Sunday, April 5, 2009

it's a long one so you'll probably want to go to the bathroom first before you look at this post

hi!
i hope everyone is well.
i was the one that was spazzing a mere few days ago.
but i am no longer a woman on the verge of a nervous breakdown
(for now anyway)
because the opening is behind me now.
and it was fun.
so fun.
and i can't thank everyone enough for their amazing support and outpouring of love shown to me.
so here's some of the night to share with you.....

first and foremost, i must tell you that my friend sara took the majority of these pictures.
she took mr. camera right off my hands and i now have these ultra-fabulous pictures and without her, i probably would not have even remembered to take one single shot.
so thank you sara. you rock for so many reasons and i love you.

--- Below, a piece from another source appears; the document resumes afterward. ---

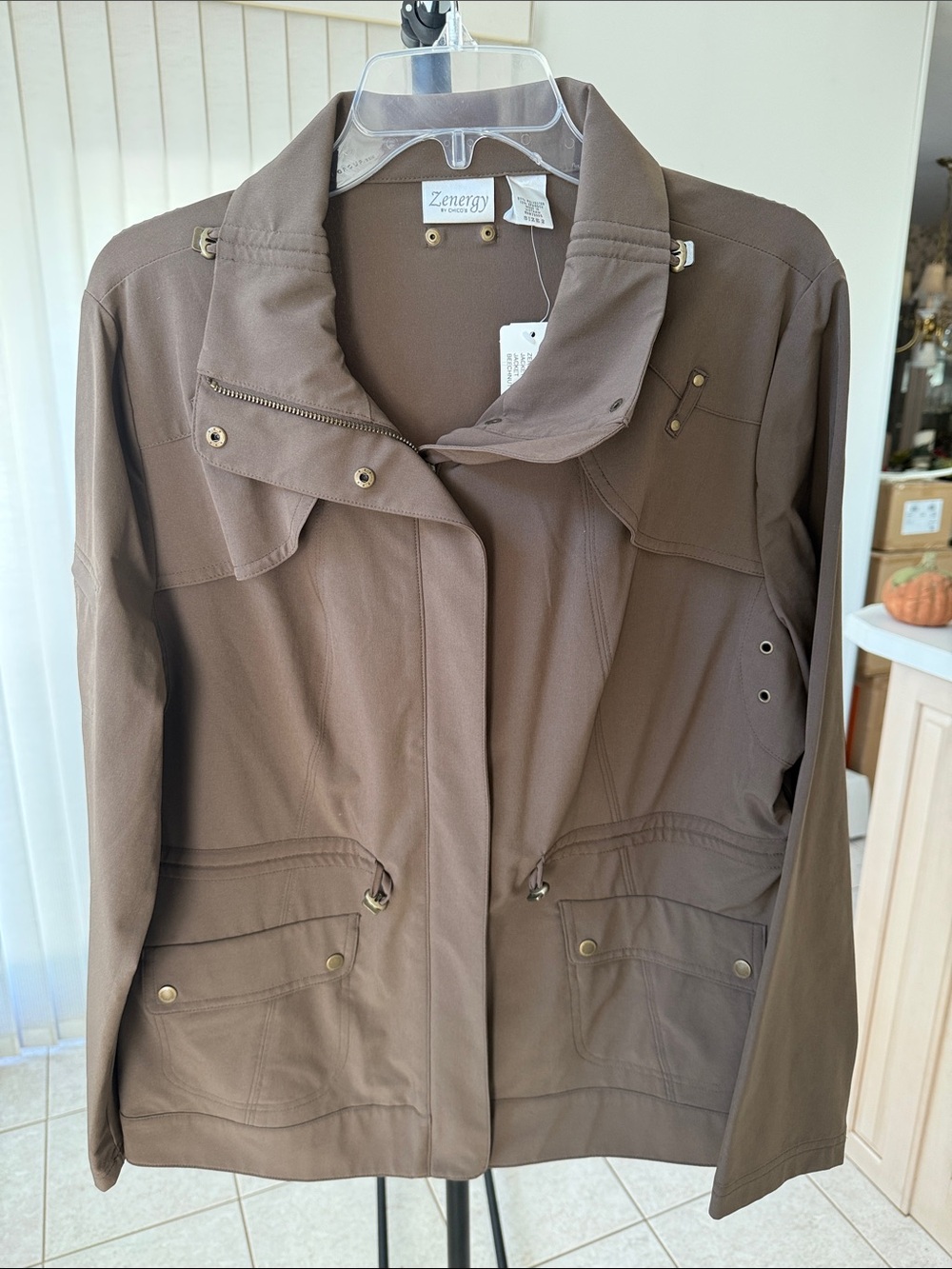 Zenergy by Chico's Taupe Utility Jacket with Snap Pockets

i want to tell you that a part of all the proceeds go directly to habitat for humanity. julia's coffee house is connected to a giant re-store that is owned and operated by habitat for humanity volunteers. the coffee is fair trade coffee and it houses a great bookstore as well as terrific coffee. the atmosphere is casual and relaxed which made it a perfect place to have an art show.

i want to thank my dear friend gillian for her invaluable support and for being such a true and strong rudder when i was in need of direction. and your apple green purse is to die for. i love you.

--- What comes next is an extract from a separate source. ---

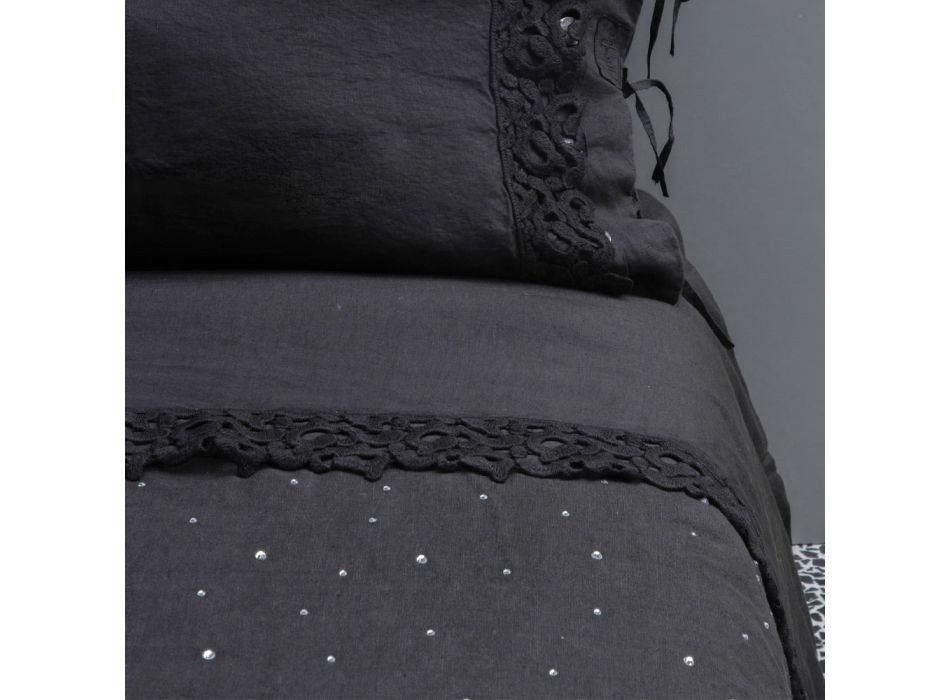 Zwart linnen dekbedovertrek met kristallen voor luxe tweepersoonsbed - Damante Viadurini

i thank all my family and friends whom i love so much, for all their encouragement and support.

i thank julia's coffee house for allowing me to become a small part of their wonderful community.

and i thank mr. ntm for being my biggest cheerleader and for believing in me. without you, this never would have even been a possiblity for me.
i love you.

so.
there it is.
i can now say i'm glad i took the risk.
who knows.
i may even be stupid enough to try it again.
maybe.

Wednesday, April 1, 2009




feeling a bit untethered this week.
i have a show opening on friday.
so, probably some anxiety.
probably a lot of anxiety.
a lot more than i think.
my dogs are fighting every night.
so upsetting.
i think they're picking up on my stress
and i feel so bad about it.

so......
i need to remember to laugh today.
and i will try to listen to myself.
plus i will try to remember that this anxiety that i'm feeling and whatever else that i'm feeling doesn't have to be named.
and it won't last forever.

and lastly, it might be a good idea if i could remember to try and enjoy what i've worked hard to get.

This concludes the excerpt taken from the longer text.